Shannon Cotsoradis, president and CEO of Kansas Action for Children, raised additional issues about the welfare law only weeks after sharp questions from federal officials forced the state to abandon a $25-per-day limit on ATM withdrawals with cash assistance cards. The law took effect in July.
Cotsoradis said the state law’s work requirements and provisions penalizing parents for failing to follow state and federal rules for social services appear to run afoul of policies tied to Congress’ reauthorization last year of the federal grants to states for their child care programs.

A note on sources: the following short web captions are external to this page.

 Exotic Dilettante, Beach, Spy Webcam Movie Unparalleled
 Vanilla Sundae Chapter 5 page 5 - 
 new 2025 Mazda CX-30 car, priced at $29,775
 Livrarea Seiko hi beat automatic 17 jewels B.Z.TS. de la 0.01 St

She acknowledged that states haven’t received final guidance from the federal officials, but she said she’s “80 percent” sure state policies will be in conflict. Kansas Action for Children opposed the new state law, arguing that it will prevent some poor families from obtaining needed benefits.

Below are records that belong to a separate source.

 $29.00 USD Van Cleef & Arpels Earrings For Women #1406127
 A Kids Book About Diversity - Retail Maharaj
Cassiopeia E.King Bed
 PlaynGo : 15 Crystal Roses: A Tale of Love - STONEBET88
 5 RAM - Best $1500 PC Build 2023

“Chances are good we’re going to have some other conflicts with federal requirements that haven’t come to light yet,” Cotsoradis added during a briefing for reporters.
Kansas Action for Children plans to convene a meeting of interested parties Monday at Topeka’s public library to discuss federal child care policies, what might be required of Kansas and how the state could strengthen the child care system.
The Department for Children and Families plans to have its own meeting in September to discuss a state plan for administering child care programs required under the federal reauthorization of grants. Agency spokeswoman Theresa Freed said Cotsoradis is welcome to attend that event.
“If Ms. Cotsoradis would like to address her concerns to our agency, we would be happy to discuss those with her,” Freed said in an emailed statement.
The department supported much of the new state law. Republican Gov. Sam Brownback and GOP legislators who supported it have argued that it ensures social services go to poor families who need them, for necessities, not luxuries. Also, they argued, the law helps move families from social services to full-time jobs.
The law drew national attention over the limit on ATM withdrawals and a list of items for which cash assistance can’t be used. The list remains in place and includes alcohol, tobacco, gambling and sexually oriented materials, as well as entertainment. Cash assistance also can’t be used in nail salons or spas, on cruise ships or at tattoo or body-piercing parlors.
Cotsoradis said federal policies require that once children are deemed eligible for child care subsidies, they remain continuously eligible a full year. The Kansas law says families who don’t follow state or federal laws can have their subsidies suspended for at least three months.
Also, Cotsoradis questioned whether a requirement in Kansas law that parents who receive child care subsidies work at least 20 hours a week conflicts with a federal policy keeping parents who lose their jobs eligible for subsidies for three months while they seek new work.
An average of nearly 12,800 children a month were covered by child care subsidies during the fiscal year that ended June 30, and the federal dollars at issue present more than half the state’s total child care funds.